Bill Moyers: There is a fellow in city government here in New York who’s a policy wonk and a die-hard Wire fan. He was hoping I would ask you the one question on his mind: “David Simon has painted the most vivid and compelling portrait of the modern American city. Has he walked away from that story? And if he has, will he come back to it?”

David Simon: I’ve walked away from the Wire universe. It’s had its five years. Stories have a beginning, middle, and end. If you keep stuff open-ended and you keep trying to stretch character and plot, they eventually break or bend.

Bill Moyers: What is it about the crime scene that gives you a keyhole, the best keyhole perhaps, into how American society really works?

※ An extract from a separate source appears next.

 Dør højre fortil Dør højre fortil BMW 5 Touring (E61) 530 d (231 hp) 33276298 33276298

David Simon: You see the equivocations. You see the stuff that doesn’t make it into the civics books, and you also see how interconnected things are. How connected the performance of the school system is to the culture of a street corner. Or where parenting comes in. The decline of industry suddenly interacts with the paucity and sort of fraud of public education in the inner city. Because The Wire was not a story about America, it’s about the America that got left behind.

Bill Moyers: I was struck by something that you said. You were wrestling with this one big existential question. You talked about drug addicts who would come out of detox and then try to steel-jaw themselves through their neighborhood. And then they’d come face-to-face with the question—which is…?

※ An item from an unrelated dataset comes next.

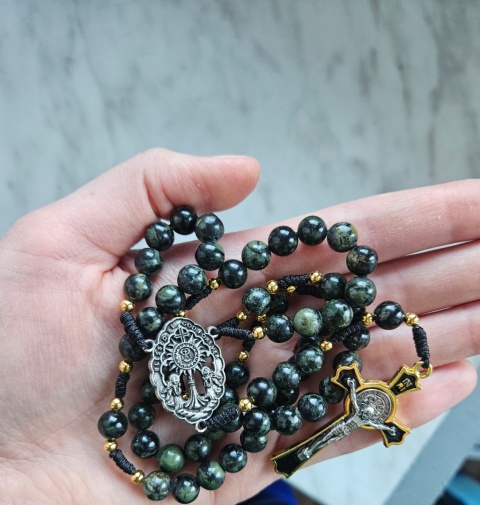 Ròżaniec jaspis kambaba czarno- zielony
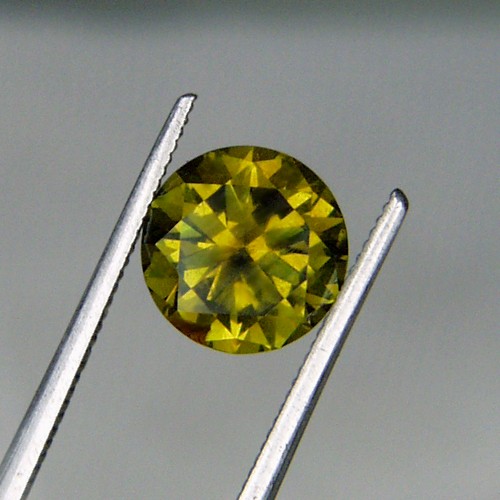 Color Change Russian Demantoid - Andradite Garnet  Litnon.com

David Simon: “What am I doing here?” You know, a guy coming out of addiction at thirty, thirty-five, because it often takes to that age, he often got into addiction with a string of problems, some of which were interpersonal and personal, and some of which were systemic. These really are the excess people in America. Our economy doesn’t need them—we don’t need 10 or 15 percent of our population. And certainly the ones who are undereducated, who have been ill-served by the inner-city school system, who have been unprepared for the technocracy of the modern economy, we pretend to need them. We pretend to educate the kids. We pretend that we’re actually including them in the American ideal, but we’re not. And they’re not foolish. They get it. They understand that the only viable economic base in their neighborhoods is this multibillion-dollar drug trade.

Bill Moyers: I did a documentary about the South Bronx called The Fire Next Door and what I learned very early is that the drug trade is an inverted form of capitalism.

David Simon: Absolutely. In some ways it’s the most destructive form of welfare that we’ve established, the illegal drug trade in these neighborhoods. It’s basically like opening up a Bethlehem Steel in the middle of the South Bronx or in West Baltimore and saying, “You guys are all steelworkers.” Just say no? That’s our answer to that? And by the way, if it was chewing up white folk, it wouldn’t have gone on for as long as it did.